« Kurdistan vs Palestine », par François Margolin, le producteur des films « Peshmerga » et « La Bataille de Mossoul » de Bernard-Henri Lévy
Il est tout de même très étonnant que l’ensemble de la communauté internationale s’insurge ces dernières semaines contre le référendum qu’organise le gouvernement du Kurdistan irakien pour son indépendance, alors que, depuis des années, la même communauté internationale se bat pour imposer la création d’un Etat palestinien. C’est encore plus étonnant quand on constate que l’ensemble des pays arabes s’opposent eux-aussi à la création d’un Etat kurde, et que les centaines de milliers de militants pro-palestiniens à travers le monde ne lèvent pas le petit doigt pour les Kurdes.
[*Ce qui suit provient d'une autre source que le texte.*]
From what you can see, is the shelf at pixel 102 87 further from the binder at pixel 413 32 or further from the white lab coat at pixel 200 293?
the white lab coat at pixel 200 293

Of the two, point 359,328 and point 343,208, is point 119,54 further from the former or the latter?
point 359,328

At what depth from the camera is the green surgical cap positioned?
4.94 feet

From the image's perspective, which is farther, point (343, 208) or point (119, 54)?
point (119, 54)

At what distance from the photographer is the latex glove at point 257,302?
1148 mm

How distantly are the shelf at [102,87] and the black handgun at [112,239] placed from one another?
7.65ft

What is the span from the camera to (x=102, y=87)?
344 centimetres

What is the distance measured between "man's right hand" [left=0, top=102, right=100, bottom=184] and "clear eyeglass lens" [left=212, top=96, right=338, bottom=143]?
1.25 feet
Or, il s’agit, après tout, de deux causes tout-à-fait semblables: deux peuples sans Etat, dans la même région du monde, le Moyen Orient. Deux peuples qui ont été victimes de la répression des Etats sous la domination desquels ils vivaient: Egypte, Israël et Jordanie pour les Palestiniens, Irak pour les Kurdes, les Kurdes l’emportant haut la main pour avoir été, durant les années 80, victimes d’une véritable tentative de génocide de la part du régime de Saddam Hussein.
Deux peuples dont on sait pertinemment qu’en cas de vote, ils se prononceront à la quasi-unanimité pour leur indépendance.
Deux peuples chez qui le sentiment national existe depuis des décennies, les Kurdes ayant même une certaine avance puisque, si l’OLP (l’Organisation pour la Libération de la Palestine) a été créée au début des années soixante, la volonté d’acquérir un Etat de la part des Kurdes date, au minimum, de la fin du 19ème siècle et que cet Etat leur fut même promis durant quelques années par le Traité de Sèvres de 1920.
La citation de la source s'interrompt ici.